Doctors today have a powerful arsenal of cancer-fighting chemotherapy drugs to choose from, but a key challenge remains: to better target these drugs. The hope is to kill tumors while limiting a drug’s potentially harmful side effects, and researchers at the Department of Energy’s Lawrence Berkeley National Laboratory may have a found a way.

The scientists at Berkeley Lab are helping to develop and test materials for a new device that can be inserted into a vein through a tiny tube and soak up most of chemotherapy drugs like a sponge. The material is designed to bind the drug, based on its electric charge, after the drug targets tumors and before it circulates throughout the body.

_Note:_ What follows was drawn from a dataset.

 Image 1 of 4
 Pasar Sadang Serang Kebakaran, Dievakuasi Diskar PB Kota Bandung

This would happen after a separate tube delivers a more concentrated dose to tumors–and before the drugs can widely circulate in the bloodstream.

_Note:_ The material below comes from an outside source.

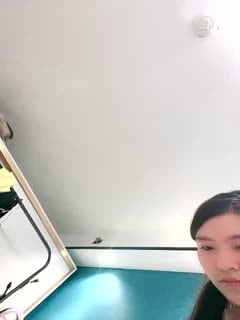奶大好烦：巨乳小骚货，狼友狠狠耍礼物，就狠狠插骚逼，都不放过自己，叫声还很淫荡！(2)第04集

The Berkeley Lab project is the responsibility of X. Chelsea Chen, a postdoctoral researcher working in Berkeley Lab’s Materials Sciences Division. Chen had been investigating polymer materials used in fuel cell technology when she learned about the drug-capture system.

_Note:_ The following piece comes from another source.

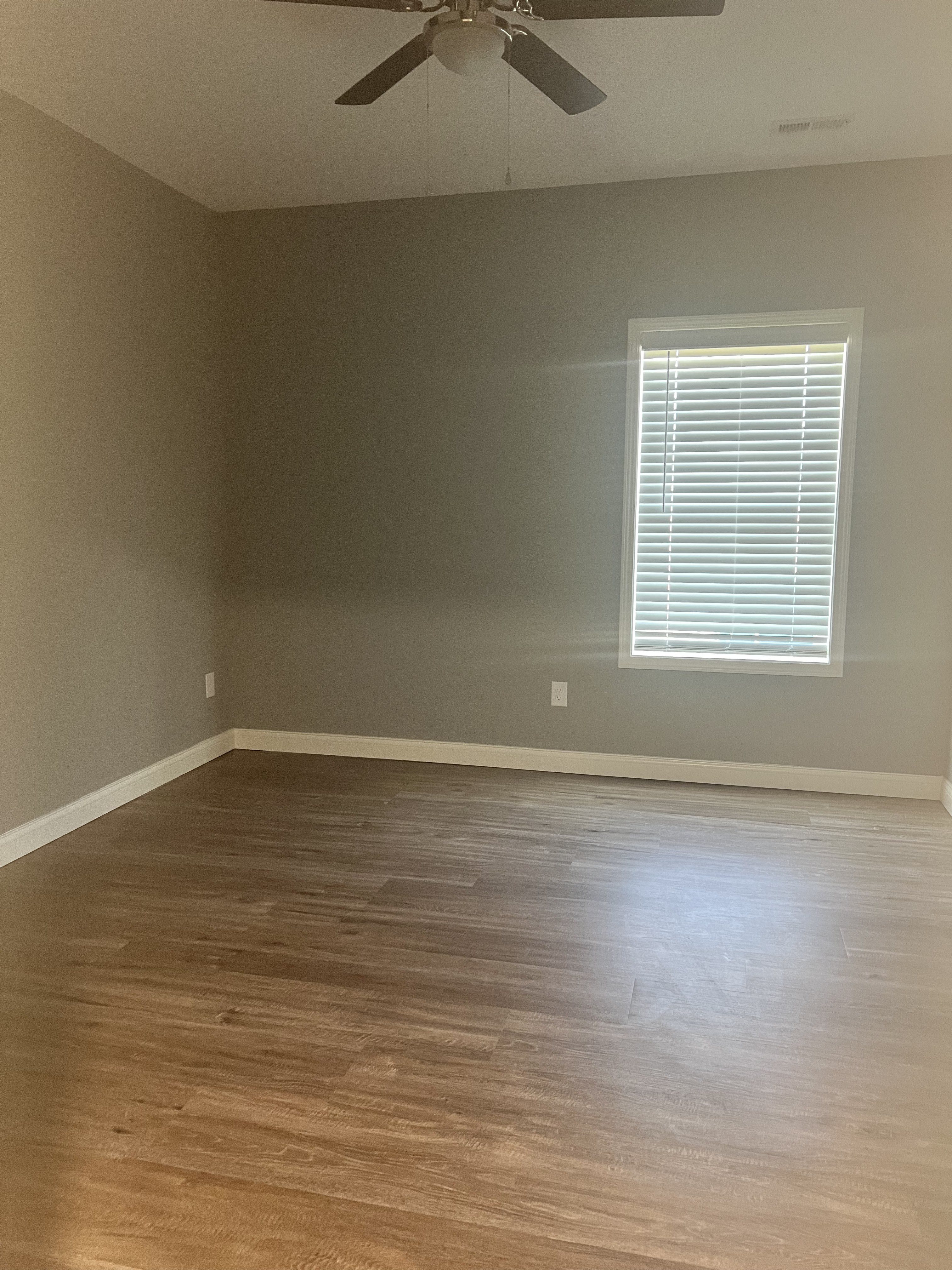$1490 unit small bedroom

She saw that the proposed device could benefit from the property in the fuel cell materials which allows them to attract and capture certain molecules, while allowing other types of molecules to flow through.

This is important, since an increasingly popular liver-cancer treatment, known as TACE, can allow up to half of the chemotherapy dose to reach the rest of the body, with negative side effects. “In our lab experiments, the current design can absorb 90 percent of the drug in 25-30 minutes,” Chen said.

Removing a toxin after tumor treatment

Steven Hetts, an associate professor of radiology at UC San Francisco and an interventional neuroradiologist at the UCSF Medical Center, conceived of the new treatment system that Chen works on, called ChemoFilter.

Hetts specializes in treating eye tumors by pumping chemotherapy medication to the tumor through a catheter, or tube, which is navigated via a pathway of arteries beginning in the thigh.

“You can get very high concentrations of that chemotherapy in the eye and relatively low concentrations in the rest of the body, but some will wash through the eye and into the veins in the head,” Hetts said. “It occurred to me that maybe we could navigate a separate catheter into the vein that drains the blood, and have a material that binds up any excess chemotherapy.”

While the eye cancers he treats are rare, he saw a need to improve treatment options for liver cancer, which is the third-leading cause of cancer deaths globally, with an estimated half a million new cases each year.

Hetts enlisted Berkeley Lab, and Chen began to work on materials based on Hetts’ concept. The research team received a patent for a ChemoFilter system in April, which could find use in human cancer treatment within a couple of years.

Next-gen drug-capture devices

But the work isn’t over. Chen continues her work at DOE facilities, from Berkeley Lab’s Molecular Foundry to its Advanced Light Source and SLAC National Accelerator Laboratory’s Stanford Synchrotron Radiation Lightsource. These facilities allow her to develop new materials and better understand the drug-capture mechanism at microscopic scales and inform new designs.“Without these awesome images from the Foundry and ALS, we wouldn’t know how to optimize the performance of the materials,” Chen said.

Hetts said he looks forward to the development of more “cutting-edge” versions of ChemoFilter devices that are tailored to a wide range of treatments.
“This project has moved forward nicely and I’m really impressed,” he said. “It’s been a great experience in coming together to create these devices, and I’m looking forward to continuing it.”